In the famous Seinfeld episode titled “The Lip Reader,” George Costanza’s girlfriend breaks up with him by telling him “It’s not you, it’s me.” George famously replied, “You’re giving me the ‘It’s not you, it’s me’ routine? I invented ‘It’s not you, it’s me.’” In the recent case of Agilent Technologies, Inc. v. Colorado Department of Revenue, the taxpayer leaned on the ramblings of George Costanza to “break up” with one of its own corporate affiliates to refute a $13 million dollar assessment of corporate income taxes.
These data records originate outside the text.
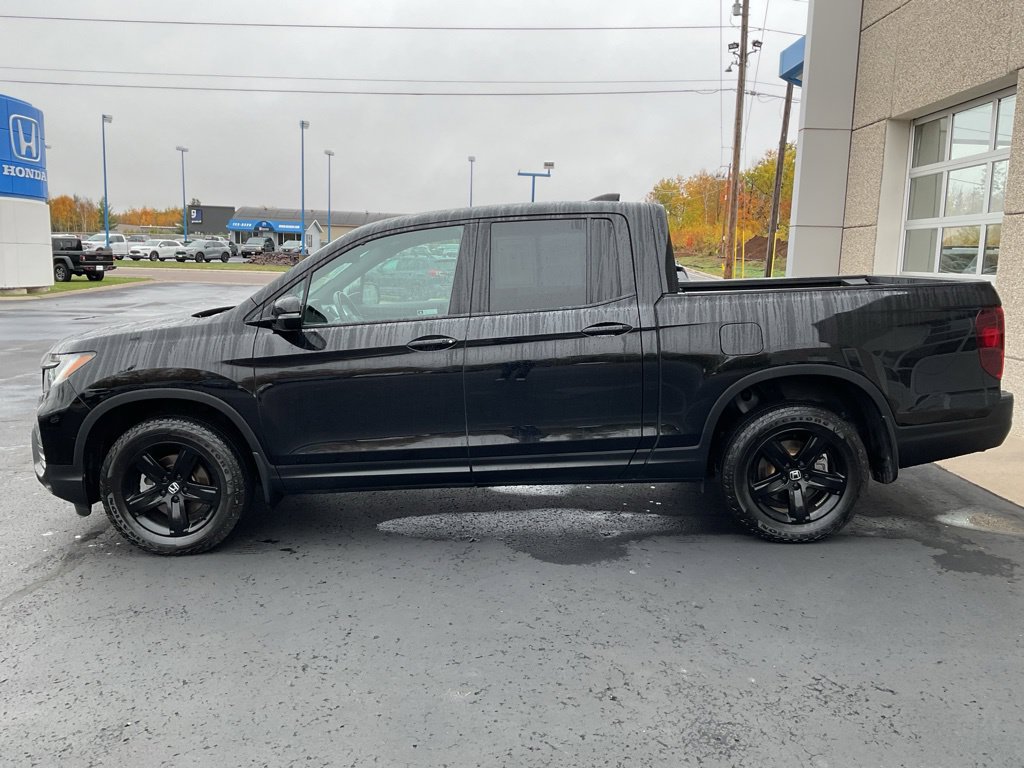Used 2022 Honda Ridgeline Black Edition image 8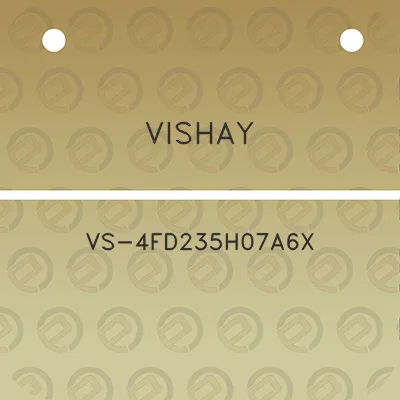 vishay-vs-4fd235h07a6x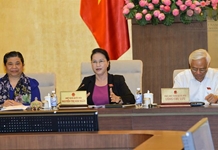 Ủy ban thường vụ Quốc hội cho ý kiến lần hai về dự án Luật Quản lý nợ công (sửa đổi)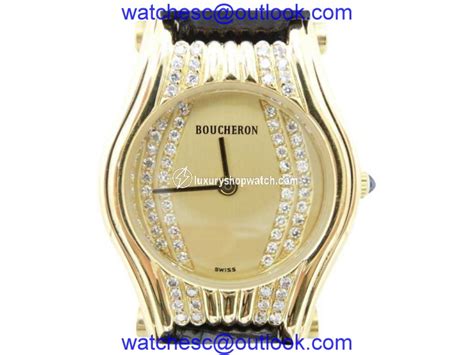 boucheron watches replica|boucheron watches vintage.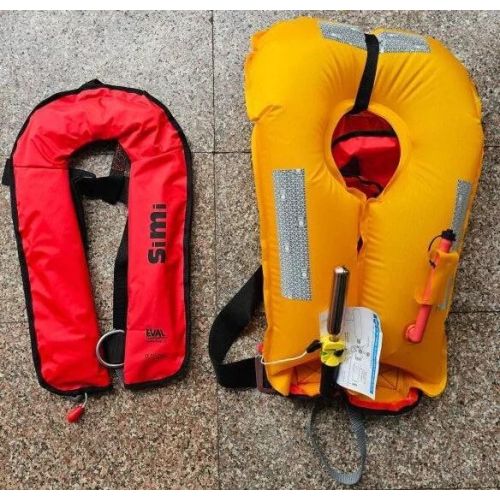 150N 275N Inflatable Life Jacket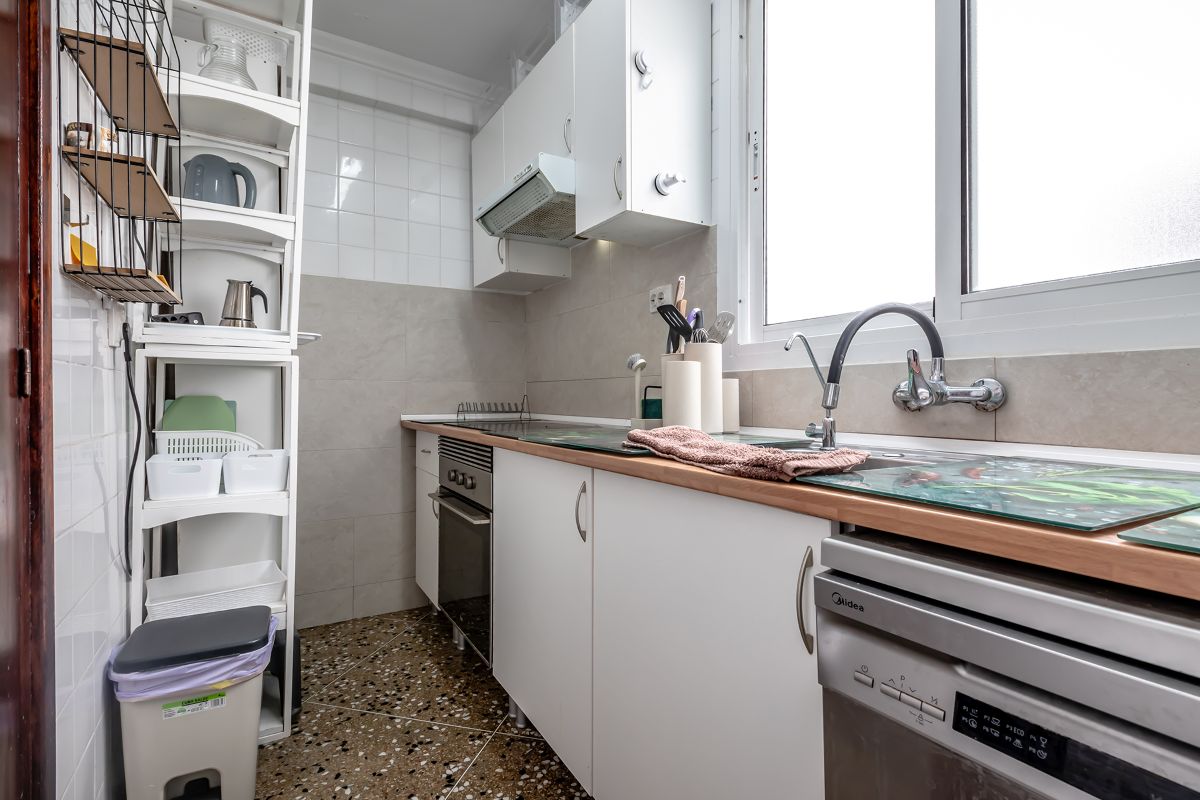 Appartement te koop in Valencia stad – Monteolivete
The taxpayer was comprised of numerous domestic and foreign corporations doing business all over the world, including Colorado. Colorado requires corporate taxpayers to include certain affiliates for purposes of filing a combined return. The income of the combined group is then apportioned to Colorado based on the presence of certain factors in the state – i.e., payroll, property and sales. The taxpayer attempt to comply with these requirements and filed combined returns in Colorado for all years in dispute.

The crux of the dispute related to a corporate affiliate of the taxpayer – Agilent Technologies World Trade, Inc. (WT). WT was a Delaware corporation formed as a holding company to own foreign entities operating solely in Venezuela, Russia, Poland, and Turkey. WT did not own or rent property and had no payroll. The Colorado Department of Revenue sought to include WT in the taxpayer’s combined group. By contrast, the taxpayer wanted to exclude WT.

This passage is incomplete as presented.